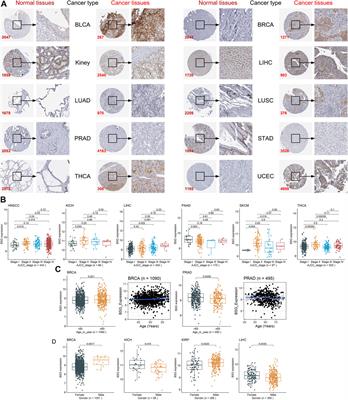 Pan-Cancer Analysis, Reveals COVID-19-Related BSG as a Novel Marker for Treatment and Identification of Multiple Human Cancers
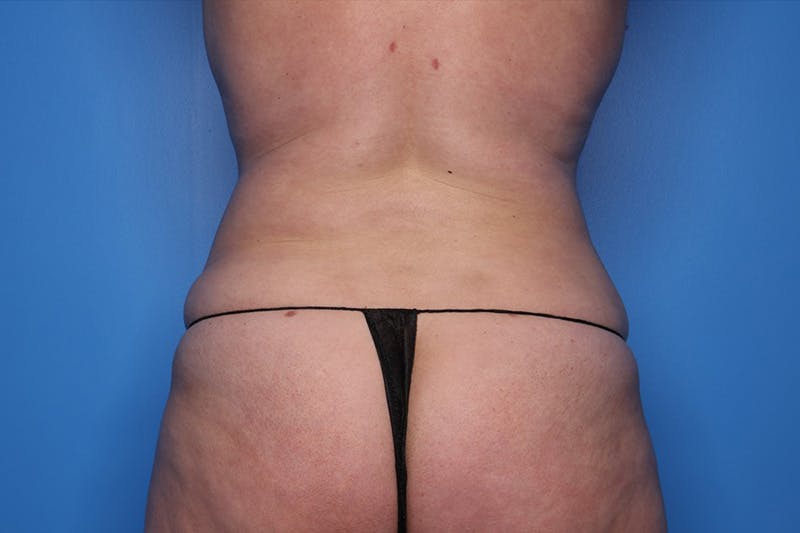 Liposuction Before & After Gallery - Patient 332847 - Image 4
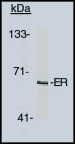Western blot analysis using estrogen receptor antibody on human cells at 1-2 µg/ml.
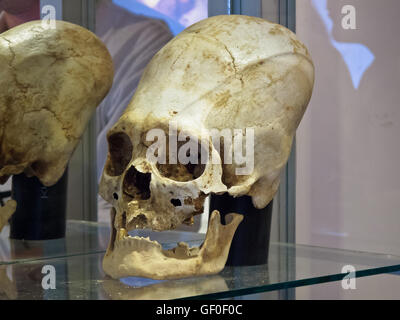 Cranio allungato di antica Paracas mostrato umano a Paracas History Museum Foto Stock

What this task involves: Please repeat each line above exactly as it appears, but omit the pictures.

Solution:
 Pan-Cancer Analysis, Reveals COVID-19-Related BSG as a Novel Marker for Treatment and Identification of Multiple Human Cancers
 Liposuction Before & After Gallery - Patient 332847 - Image 4
Western blot analysis using estrogen receptor antibody on human cells at 1-2 µg/ml.
 Cranio allungato di antica Paracas mostrato umano a Paracas History Museum Foto Stock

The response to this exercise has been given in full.